Thank you so much for your input. I need to hear things like that - doesn't spoil anything for me, just gives me some things to consider. I have an antique bed in my bedroom at home, which is really beautiful, but harder than you can imagine to change the sheets!!! So....I guess I will have more of the same??!?!?!?! Oh, well.

I was talking to my mother about this yesterday and I remembered reading in the owner's manual about the moisture thing. My mother keeps a small dehumidifier in her bathroom and I'm thinking it might be worthwhile for me to get one for the camper. I don't recall reading about not walking on the slide-out portion unless it's pushed out, but thanks for mentioning it, I guess it can harm the mechanism that allows it to slide in and out?
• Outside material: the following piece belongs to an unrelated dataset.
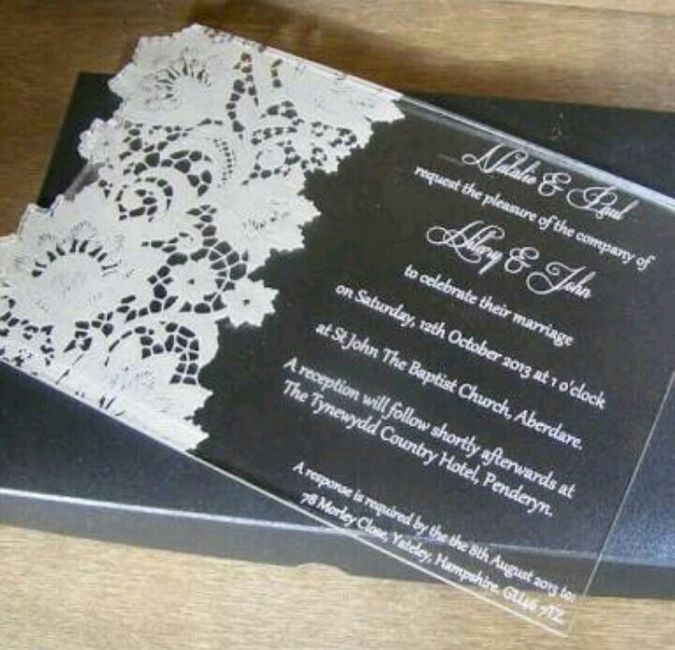 Invitaciones en acrílico - 7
Anyway, I will be careful about that. Thanks!!! I'm sure I will read through the owner's manual again carefully before I set it up. I've read quite a bit of it so far.

Let me know if you get down to the Ft Pierce area, or really almost any place in Florida. I grew up in Orlando and have done a great deal of backpacking, camping, and hiking all over most of Florida and can give you some heads-up on nice camping areas, what do do and see in different parts of Florida. It's not the paradise it used to be - way too much development in the last few years, but there are still some beautiful places here not quite totally destroyed, but alas, getting there way too fast.

Best regards and many thanks for the good wishes and food for thought.


----------